Captioned web images:

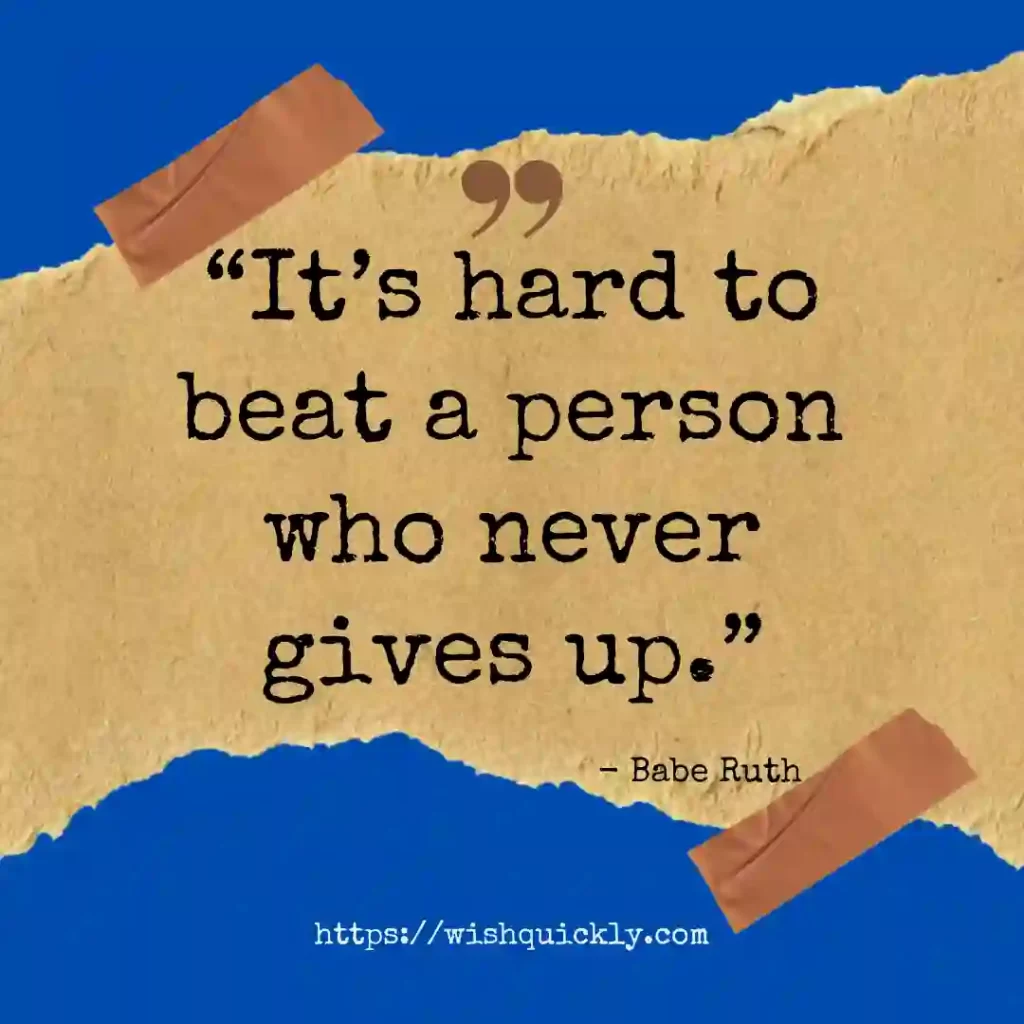Never Give Up Quotes to Empower You for Success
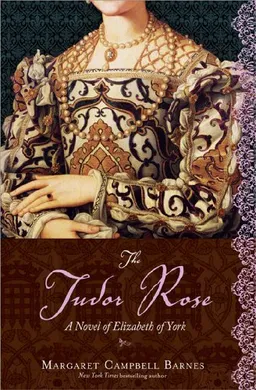 The Tudor Rose: The Story of the Queen Who United a Kingdom and Birthed a Dynasty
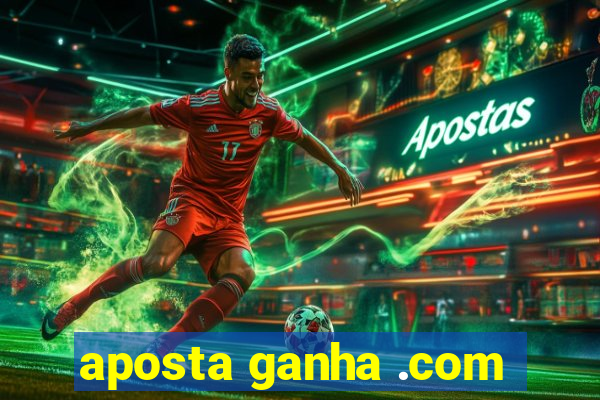 aposta ganha .com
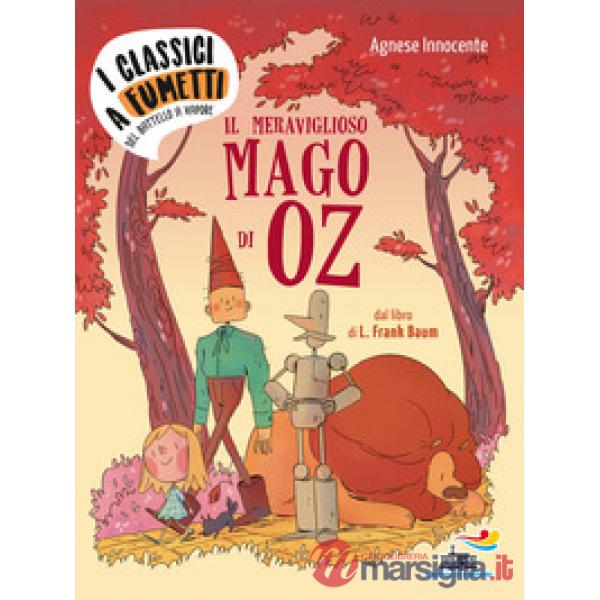 Meraviglioso mago di Oz di Frank L. Baum (Il)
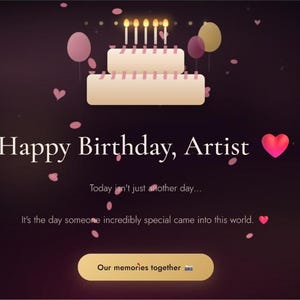 May include: A digital birthday greeting card featuring a two-tiered cake with five lit candles, balloons, and floating heart confetti on a dark background. The text reads: Happy Birthday, Artist. Today isn't just another day... It's the day someone incredibly special came into this world. Our memories together.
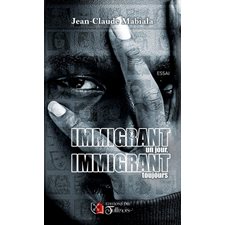 Immigrant un jour, immigrant toujours (FP)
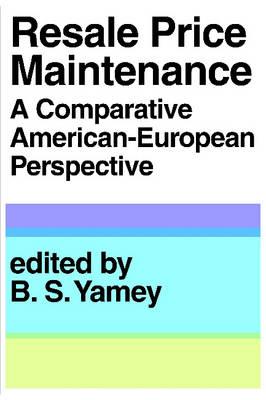 Resale Price Maintainance: A Comparative American-European Perspective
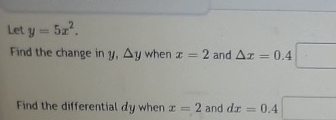 Let y = 5 x 2 . Find the change in y , y when x =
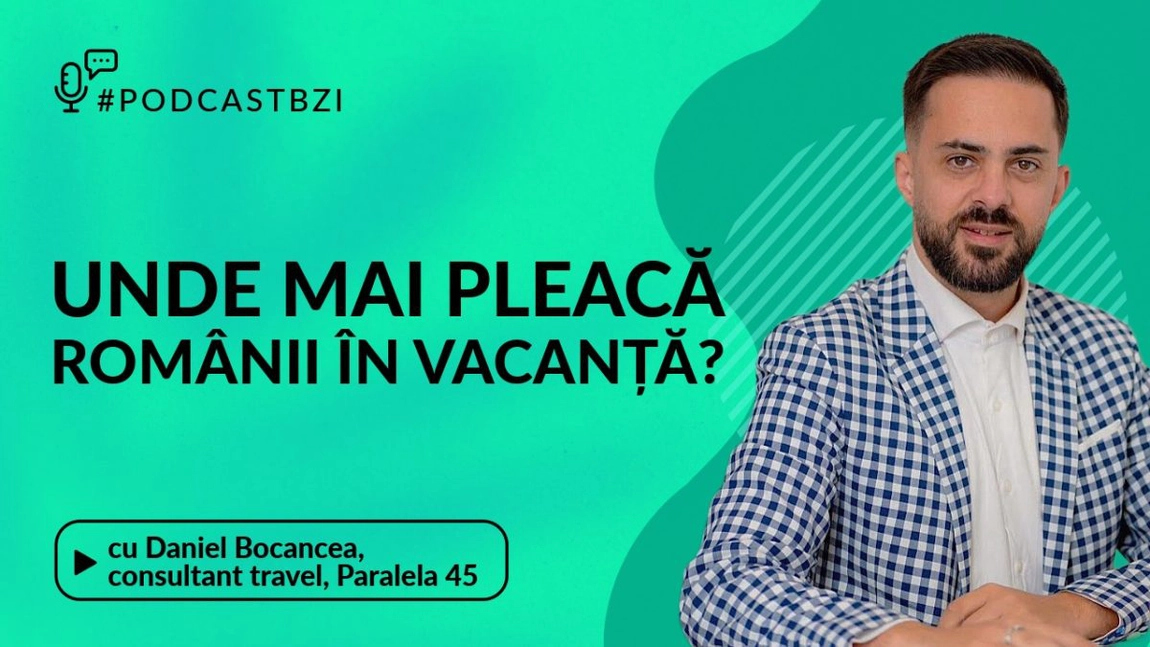 LIVE VIDEO - Unde mai pleacă românii în vacanță? Tendințe, preferințe și destinații-surpriză ale ultimilor ani aflăm azi la #PodvastBZI, de la consultantul de travel - Paralela 45, Daniel Bocancea 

Your assignment:
Set down every entry above without alteration, but print no images.

Answer below:
Never Give Up Quotes to Empower You for Success
 The Tudor Rose: The Story of the Queen Who United a Kingdom and Birthed a Dynasty
 aposta ganha .com
 Meraviglioso mago di Oz di Frank L. Baum (Il)
 May include: A digital birthday greeting card featuring a two-tiered cake with five lit candles, balloons, and floating heart confetti on a dark background. The text reads: Happy Birthday, Artist. Today isn't just another day... It's the day someone incredibly special came into this world. Our memories together.
 Immigrant un jour, immigrant toujours (FP)
 Resale Price Maintainance: A Comparative American-European Perspective
 Let y = 5 x 2 . Find the change in y , y when x =
 LIVE VIDEO - Unde mai pleacă românii în vacanță? Tendințe, preferințe și destinații-surpriză ale ultimilor ani aflăm azi la #PodvastBZI, de la consultantul de travel - Paralela 45, Daniel Bocancea 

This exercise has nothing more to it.